Posted on 05/31/2002 2:33:22 PM PDT by sheltonmac

The Partition of India

 


14 August, 1947, saw the birth of the new Islamic Republic of Pakistan. At midnight the next day India won its freedom from colonial rule, ending nearly 350 years of British presence in India. During the struggle for freedom, Gandhi had written an appeal "To Every Briton" to free their possessions in Asia and Africa, especially India (Philips and Wainwright, 567). The British left India divided in two. The two countries were founded on the basis of religion, with Pakistan as an Islamic state and India as a secular one.

Whether the partition of these countries was wise and whether it was done too soon is still under debate. Even the imposition of an official boundary has not stopped conflict between them. Boundary issues, left unresolved by the British, have caused two wars and continuing strife between India and Pakistan.

The partition of India and its freedom from colonial rule set a precedent for nations such as Israel, which demanded a separate homeland because of the irreconcilable differences between the Arabs and the Jews. The British left Israel in May 1948, handing the question of division over to the UN. Un-enforced UN Resolutions to map out boundaries between Israel and Palestine has led to several Arab-Israeli wars and the conflict still continues.


Timeline

1600-British East India Company is established.

1857-The Indian Mutiny or The First War of Independence.

1858-The India Act: power transferred to British Government.

1885-Indian National Congress founded by A. O. Hume to unite all Indians and strengthen bonds with Britain.

1905-First Partition of Bengal for administrative purposes. Gives the Muslims a majority in that state.

1906-All India Muslim League founded to promote Muslim political interests.

1909-Revocation of Partition of Bengal. Creates anti-British and anti-Hindu sentiments among Muslims as they lose their majority in East Bengal.

1916-Lucknow Pact. The Congress and the League unite in demand for greater self-government. It is denied by the British.

1919-Rowlatt Acts, or black acts passed over opposition by Indian members of the Supreme Legislative Council. These were peacetime extensions of wartime emergency measures. Their passage causes further disaffection with the British and leads to protests. Amritsar Massacre. General Dyer opens fire on 20,000 unarmed Indian civilians at a political demonstration against the Rowlatt Acts. Congress and the League lose faith in the British.

1919-Montagu-Chelmsford Reforms (implemented in 1921). A step to self-government in India within the Empire, with greater provincialisation, based on a dyarchic principle in provincial government as well as administrative responsibility. Communal representation institutionalised for the first timeas reserved legislative seats are allocated for significant minorities.

1920-Gandhi launches a non-violent, non-cooperation movement, or Satyagraha, against the British for a free India.

1922-Twenty-one policemen are killed by Congress supporters at Chauri -Chaura. Gandhi suspends non-cooperation movement and is imprisoned.

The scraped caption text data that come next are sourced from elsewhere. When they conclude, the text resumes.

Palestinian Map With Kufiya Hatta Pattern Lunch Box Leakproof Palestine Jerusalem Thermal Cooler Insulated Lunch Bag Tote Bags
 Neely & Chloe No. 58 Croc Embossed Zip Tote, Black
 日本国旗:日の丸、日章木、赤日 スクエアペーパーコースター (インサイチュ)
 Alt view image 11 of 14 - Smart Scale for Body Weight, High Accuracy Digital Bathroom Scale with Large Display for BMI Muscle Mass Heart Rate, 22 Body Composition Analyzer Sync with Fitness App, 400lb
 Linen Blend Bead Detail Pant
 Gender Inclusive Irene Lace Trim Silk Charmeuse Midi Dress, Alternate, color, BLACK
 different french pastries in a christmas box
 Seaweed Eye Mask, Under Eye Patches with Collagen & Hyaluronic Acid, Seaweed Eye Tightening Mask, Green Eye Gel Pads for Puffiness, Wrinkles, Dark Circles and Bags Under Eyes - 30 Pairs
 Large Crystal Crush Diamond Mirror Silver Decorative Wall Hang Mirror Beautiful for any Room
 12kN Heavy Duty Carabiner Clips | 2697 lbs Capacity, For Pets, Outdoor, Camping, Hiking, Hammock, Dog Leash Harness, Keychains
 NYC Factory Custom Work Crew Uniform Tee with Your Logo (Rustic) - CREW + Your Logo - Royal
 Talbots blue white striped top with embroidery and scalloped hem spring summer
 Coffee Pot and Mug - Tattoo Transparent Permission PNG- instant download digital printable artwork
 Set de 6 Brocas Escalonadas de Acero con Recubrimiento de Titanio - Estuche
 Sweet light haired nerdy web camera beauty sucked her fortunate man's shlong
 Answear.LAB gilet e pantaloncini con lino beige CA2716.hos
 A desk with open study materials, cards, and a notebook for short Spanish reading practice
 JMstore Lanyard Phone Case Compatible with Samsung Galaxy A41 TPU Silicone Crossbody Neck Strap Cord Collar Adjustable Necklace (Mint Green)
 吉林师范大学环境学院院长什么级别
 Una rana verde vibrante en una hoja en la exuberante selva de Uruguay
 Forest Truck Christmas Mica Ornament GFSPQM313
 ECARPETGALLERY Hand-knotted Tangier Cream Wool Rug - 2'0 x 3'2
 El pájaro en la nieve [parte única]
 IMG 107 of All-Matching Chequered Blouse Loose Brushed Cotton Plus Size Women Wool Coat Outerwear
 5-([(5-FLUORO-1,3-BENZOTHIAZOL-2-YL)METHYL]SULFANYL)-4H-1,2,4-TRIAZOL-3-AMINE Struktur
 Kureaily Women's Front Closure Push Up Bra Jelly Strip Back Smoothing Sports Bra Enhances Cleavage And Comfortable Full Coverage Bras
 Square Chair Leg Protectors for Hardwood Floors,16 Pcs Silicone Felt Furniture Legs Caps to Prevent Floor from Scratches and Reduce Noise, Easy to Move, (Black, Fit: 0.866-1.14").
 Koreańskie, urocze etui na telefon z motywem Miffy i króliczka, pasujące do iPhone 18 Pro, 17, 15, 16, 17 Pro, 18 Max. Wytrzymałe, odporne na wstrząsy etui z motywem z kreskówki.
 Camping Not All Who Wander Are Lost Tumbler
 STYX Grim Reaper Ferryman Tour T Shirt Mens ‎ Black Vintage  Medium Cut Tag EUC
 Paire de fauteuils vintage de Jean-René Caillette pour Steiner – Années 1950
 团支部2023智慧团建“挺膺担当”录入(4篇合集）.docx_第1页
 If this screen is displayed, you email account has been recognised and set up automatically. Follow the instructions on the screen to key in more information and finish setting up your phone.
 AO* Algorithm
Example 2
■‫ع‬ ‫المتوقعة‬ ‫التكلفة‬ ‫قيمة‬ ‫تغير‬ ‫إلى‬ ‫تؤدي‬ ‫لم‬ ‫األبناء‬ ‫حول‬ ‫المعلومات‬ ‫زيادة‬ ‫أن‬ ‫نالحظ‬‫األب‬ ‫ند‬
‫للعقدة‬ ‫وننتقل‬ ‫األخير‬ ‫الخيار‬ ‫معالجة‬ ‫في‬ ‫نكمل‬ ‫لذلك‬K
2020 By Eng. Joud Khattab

1928-Simon Commission, set up to investigate the Indian political environment for future policy-making, fails as all parties boycott it.

1929-Congress calls for full independence.

1930-Dr. Allama Iqbal, a poet-politician, calls for a separate homeland for the Muslims at the Allahabad session of the Muslim League. Gandhi starts Civil Disobedience Movement against the Salt Laws by which the British had a monopoly over production and sale of salt.

1930-31-The Round Table conferences, set up to consider Dominion status for India. They fail because of non-attendance by the Congress and because Gandhi, who does attend, claims he is the only representative of all of India.

1931-Irwin-Gandhi Pact, which concedes to Gandhi's demands at the Round Table conferences and further isolates Muslim League from the Congress and the British.

1932-Third Round Table Conference boycotted by Muslim League. Gandhi re-starts civil disobedience. Congress is outlawed by the British and its leaders.

1935-Government of India Act: proposes a federal India of political provinces with elected local governments but British control over foreign policy and defence.

1937-Elections. Congress is successful in gaining majority.

1939-Congress ministries resign.

1940-Jinnah calls for establishment of Pakistan in an independent and partitioned India.

1942-Cripps Mission o India, to conduct negotiations between all political parties and to set up a cabinet government. Congress adopts Quit India Resolution, to rid India of British rule. Congress leaders arrested for obstructing war effort.

1942-43-Muslim League gains more power: ministries formed in Sind, Bengal and North-West Frontier Province and greater influence in the Punjab.

1944-Gandhi released from prison. Unsuccessful Gandhi-Jinnah talks, but Muslims see this as an acknowledgment that Jinnah represents all Indian Muslims.

1945-The new Labour Government in Britain decides India is strategically indefensible and begins to prepare for Indian independence. Direct Action Day riots convince British that Partition is inevitable.

1946-Muslim League participates in Interim Government that is set up according to the Cabinet Mission Plan.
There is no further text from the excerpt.